It is a good job there is no equivalent of Norman Tebbit's 'Cricket Test' in France. I would have failed it miserably tonight. I was delighted the English rugby team whopped the French and doubly delighted Jonny Wilkinson not only did his bit on the pitch but flummoxed a French TV interviewer at the end of the match. Having given a comment in English, Wilkinson was asked if he had anything to say in French. The interviewer clearly expected our national hero to go: "Um, err, no," but quelle surprise, he praised the Gallic side in what my husband described as "perfectly good French".
Norman Tebbit's mythical test was supposed to be one way of discovering whether immigrants or their descendants had abandoned support of their - or their parents' - country of origin and become truly English or British, whatever that meant. Had this happened they would, when asked by some market research organisation, profess their support for England in the World Cricket Series of test matches and not Pakistan or India or Sri Lanka or any of the other sides that usually win. As if.
I do not know about them, but I always support England against France in any sport. I would do so if an English team pitched up for a game of boules against the local team that plays in the park around the corner from us. Years ago, I even put red, white and blue ribbons in my hair and ventured into a French bar to watch an England v France rugby match. We lost and I slunk away unnoticed. Afterwards I realised of course, red, white and blue are also the French team colours so I could have switched sides without anyone noticing.

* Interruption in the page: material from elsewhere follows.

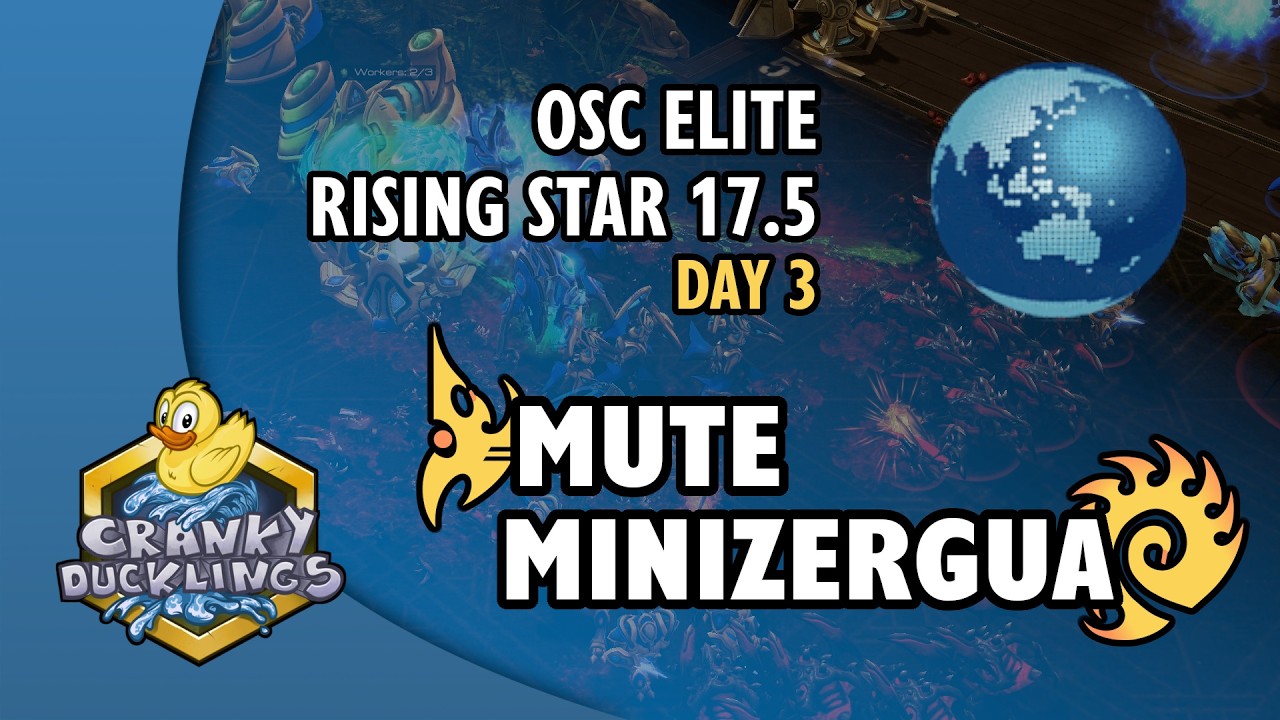 Mute vs MiniZergUA - PvZ | OSC Elite Rising Star #17.5 - Day 3 | StarCraft 2 Tournament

In my defence, I do feel sorry for the French, and particularly the Frenchman, when France loses. I am writing this quietly and I did not gloat tonight. There are too many times when the Frenchman has behaved graciously when the situation is reversed; in other words, more often than not. There is no equivalent of the Cricket Test in France, but given the plethora of immigration laws being introduced at the moment, I expect there to be one any day. Then I will have to throw myself on the mercy of the Frenchman to not denounce me and have me deported back over the Channel. Besides, in a few hours time we will be woken by drunken English fans chanting, making an inhuman noise supposed to pass for singing and falling over each other in the street outside our flat. When this happens, as it always does whenever there is an England game at the Stade de France, I will not be feeling very patriotic.